Not when the double-play grounder glanced off the mound and eluded Cano in the first . . .
Not when Mitre messed up a sure double-play grounder, which (ahem) echoed another easy double play ball oh, some eight years ago . . .
When Cano, after clearing the bases with a three-run triple, overslid third base by so much he finally ground to a halt, flat on his back, in the coach's box . . .
Hughes offered up some uncommon thrills and chills in the eighth, before Rivera trotted out to restore order . . .
And we ended the day told that Anaheim had leap-frogged the Dodgers and joined Philly as the front-runners in the Roy Halladay sweepstakes . . .

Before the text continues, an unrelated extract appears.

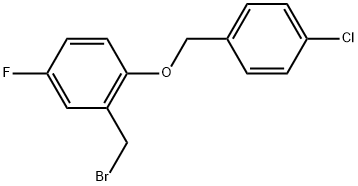 2-(Bromomethyl)-1-[(4-chlorophenyl)methoxy]-4-fluorobenzene Structure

. . . because oh, boy, if A) Anaheim lands Halladay and B) these Yanks don't win their division, New York can look forward to two games (one and five in the ALDS) against the Yankee-Killer of this generation pitching for the Yankee Killers of this decade--all for the privilege, probably, of playing the Yankee Killers of this season, potentially four times at Fenway.
That is, if both the Rays and Sox don't both race past them . . .
In the ten really good games past the All-Star game, the Yankees did precisely what they needed, maybe one win more than necessary, against such dreadful competition. 8-2 we would have taken, 7-3 would have been barely tolerable. 9-1 helps, but here come the Rays.